In current circumstances, this model is frankly impossible–because if money was created this way, then borrowers would have to be willing to take on an additional $9 trillion in debt for every $1 trillion pumped into the banks by The Fed. Instead, as the figures show, they’re running a mile from debt now, and with good reason.
So the government’s stimulus money will sit unlent in banks, whereas if it were given to the debtors, they at least would either spend it or repay their debts.
Thus Obama’s current strategy, advised by Geithner, Summers and other neoclassically-trained economists, is ensuring that the government’s rescue efforts get even less bang for the buck than they could get.
Fed Spreadsheet Error
By the way, it is not precisely clear how much Consumer Credit really dropped. I received an email on Saturday from “Ivan” who caught an error in the Fed’s G.19 spreadsheet.
Last night I commented on your “Consumer Credit Drops Record $17.5 Billion…” post, under the nickname Coyote on Rocket Skates. The subject of my comment was that I found a spreadsheet error in a sheet available at the Fed’s download page for G.19.
The published data for June-November 09 repeats exactly the data for June-November 08, and appears to affect the gross total (non seasonally adjusted) numbers from which the headline (seasonally adjusted) numbers are derived.

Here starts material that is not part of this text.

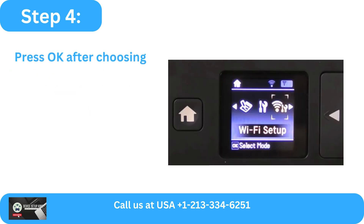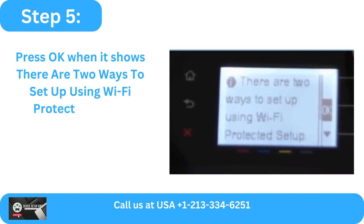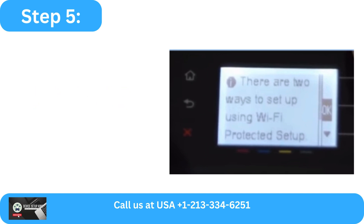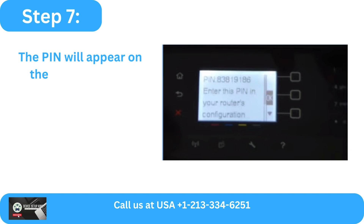Step 4: Press OK after choosing Wi-Fi Protected Setup. Step 5: Press OK when it shows there are two ways to set up using Wi-Fi Protected Setup. Step 6: Choose your PIN and click OK. Step 7: The PIN will appear on the screen of your printer.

Assuming that the data over a five-month period did not repeat itself exactly for five months, exactly one year later, one has to conclude that the Fed’s auditing and reporting is sloppy, even on important releases. Conspiracy and manipulation are plausibly deniable, bad auditing, less-so.

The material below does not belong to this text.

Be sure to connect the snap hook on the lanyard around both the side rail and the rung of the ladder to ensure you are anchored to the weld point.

Next, I sent an email to ‘Tyler’ over at Zero Hedge, and he soon posted an entry on the subject, here: http://www.zerohedge.com/article/blatant-data-error-federal-reserve
This morning, I availed myself to Ron Paul via email, in the hopes that this might add some straw to the camel’s back about the Fed’s audit procedures.
Regardless of how the consumer credit report is revised, a tip of the hat goes to Steve Keen, one of the few economists in the world who understands just how flawed the “money multiplier” theory is.
You can bookmark Steve Keen at Steve Keen’s Debtwatch: Analysing the Global Debt Bubble.
Thanks to all for your Emails and comments.